Screen-Space Error (SSE) measures how many pixels a voxel projects to on screen. When the projected error exceeds a threshold (default: 8.0 pixels), the brick splits to a finer LOD. A hysteresis band (splitting only above the threshold, collapsing only below 0.7× it) prevents LOD oscillation during gestures. This approach adapts automatically to:

  • Screen resolution (higher res = more splits for same view)
  • Field of view (narrower FOV = more detail at same distance)
  • Anisotropic voxel spacing (non-uniform datasets)

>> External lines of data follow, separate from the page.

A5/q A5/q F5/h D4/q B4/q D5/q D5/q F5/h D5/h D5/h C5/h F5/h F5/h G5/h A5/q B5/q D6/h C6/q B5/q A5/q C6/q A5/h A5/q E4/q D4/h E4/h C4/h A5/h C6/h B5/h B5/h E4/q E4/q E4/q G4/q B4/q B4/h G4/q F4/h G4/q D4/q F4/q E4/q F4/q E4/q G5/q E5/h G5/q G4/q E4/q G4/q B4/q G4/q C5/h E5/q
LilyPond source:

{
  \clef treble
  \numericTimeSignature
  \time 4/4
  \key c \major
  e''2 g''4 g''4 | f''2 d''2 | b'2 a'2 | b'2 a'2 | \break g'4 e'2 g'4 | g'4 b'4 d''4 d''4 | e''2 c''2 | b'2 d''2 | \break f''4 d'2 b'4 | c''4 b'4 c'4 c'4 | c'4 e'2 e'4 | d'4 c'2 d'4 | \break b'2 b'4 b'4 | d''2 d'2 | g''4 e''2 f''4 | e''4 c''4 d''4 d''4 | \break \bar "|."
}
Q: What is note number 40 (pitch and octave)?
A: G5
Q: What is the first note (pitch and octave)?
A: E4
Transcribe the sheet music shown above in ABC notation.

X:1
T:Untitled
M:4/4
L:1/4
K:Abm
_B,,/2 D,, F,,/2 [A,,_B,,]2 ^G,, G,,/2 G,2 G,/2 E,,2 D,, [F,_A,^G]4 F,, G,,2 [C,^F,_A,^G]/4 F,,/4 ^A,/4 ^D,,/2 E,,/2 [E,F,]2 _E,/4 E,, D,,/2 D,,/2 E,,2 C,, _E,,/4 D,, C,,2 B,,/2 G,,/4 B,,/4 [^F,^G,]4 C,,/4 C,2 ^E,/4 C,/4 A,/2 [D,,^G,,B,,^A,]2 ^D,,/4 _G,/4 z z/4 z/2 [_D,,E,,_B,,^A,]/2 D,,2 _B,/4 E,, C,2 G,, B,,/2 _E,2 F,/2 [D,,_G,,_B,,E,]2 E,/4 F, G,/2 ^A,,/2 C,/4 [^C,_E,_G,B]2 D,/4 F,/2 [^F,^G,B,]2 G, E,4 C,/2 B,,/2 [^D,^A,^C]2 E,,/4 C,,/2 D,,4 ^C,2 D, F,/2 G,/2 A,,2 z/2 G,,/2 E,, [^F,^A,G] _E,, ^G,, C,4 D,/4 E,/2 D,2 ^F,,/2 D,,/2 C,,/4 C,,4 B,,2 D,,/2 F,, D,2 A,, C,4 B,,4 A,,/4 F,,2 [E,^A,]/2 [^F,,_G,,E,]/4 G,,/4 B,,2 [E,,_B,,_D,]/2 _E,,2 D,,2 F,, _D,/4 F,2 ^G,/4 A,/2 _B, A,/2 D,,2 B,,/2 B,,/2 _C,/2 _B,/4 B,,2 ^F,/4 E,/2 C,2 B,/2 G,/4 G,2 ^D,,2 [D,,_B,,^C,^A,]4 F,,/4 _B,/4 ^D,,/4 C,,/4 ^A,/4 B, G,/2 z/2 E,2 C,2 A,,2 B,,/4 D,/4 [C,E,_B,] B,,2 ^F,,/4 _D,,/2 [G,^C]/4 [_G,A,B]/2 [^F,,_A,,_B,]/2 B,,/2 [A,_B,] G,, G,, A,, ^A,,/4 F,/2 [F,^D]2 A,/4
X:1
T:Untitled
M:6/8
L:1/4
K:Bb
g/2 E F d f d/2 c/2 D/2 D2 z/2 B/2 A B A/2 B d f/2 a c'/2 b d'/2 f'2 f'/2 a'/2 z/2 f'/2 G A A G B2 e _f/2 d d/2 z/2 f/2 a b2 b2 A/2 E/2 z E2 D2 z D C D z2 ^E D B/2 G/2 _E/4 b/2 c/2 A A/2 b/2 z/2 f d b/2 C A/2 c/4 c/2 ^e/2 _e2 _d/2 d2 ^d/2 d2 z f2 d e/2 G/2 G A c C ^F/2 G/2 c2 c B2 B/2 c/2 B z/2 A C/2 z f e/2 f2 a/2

Priority queue and request management

After computing the desired set, the manager:

  1. Cancels stale requests: In-flight fetches for bricks no longer in desired set are aborted via AbortController
  2. Touches loaded bricks: Updates LRU timestamps for bricks that remain desired
  3. Queues missing bricks: Sorts by distance, closest first (prioritizes visible regions)
  4. Rate limits requests: Caps concurrent requests (8 single-channel, 12 multichannel) to avoid network saturation. Stale requests wait a 200 ms grace period before cancellation so brief LOD oscillation doesn't thrash fetches
Desired Set: [A, B, C, D, E, F, G, H]  (sorted by distance)
Currently Loaded: [A, B, X, Y, Z]
In-Flight: [C]


Actions:
  - Touch A, B (update LRU)
  - Cancel X, Y, Z if in-flight (no longer needed)
  - Keep C in-flight (still desired)
  - Queue D, E, F, G, H (limited to max concurrent: 8 single / 12 multichannel)

LRU eviction

When the atlas is full, the AtlasAllocator (src/streaming/atlas-allocator.ts) evicts the least recently used brick:

typescript
allocate(frame: number): AllocationResult {
  // Try free list first
  if (freeList.length > 0) {
    return { slot: freeList.pop(), evicted: null };
  }

  // Find LRU victim
  let victim = -1, oldestFrame = Infinity;
  for (slot of usedSlots) {
    if (lastUsedFrame[slot] < oldestFrame) {
      oldestFrame = lastUsedFrame[slot];
      victim = slot;
    }
  }

  // Evict and return
  const evicted = slotMetadata[victim];
  indirectionTable.clear(evicted.bx, evicted.by, evicted.bz, evicted.lod);
  return { slot: victim, evicted };
}

Pinned bricks (the coarsest LOD) are never evicted, ensuring a complete fallback representation always exists. Slots touched within the last 30 frames are also protected, so a freshly loaded brick can't be evicted by the next allocation in the same burst (thrash guard).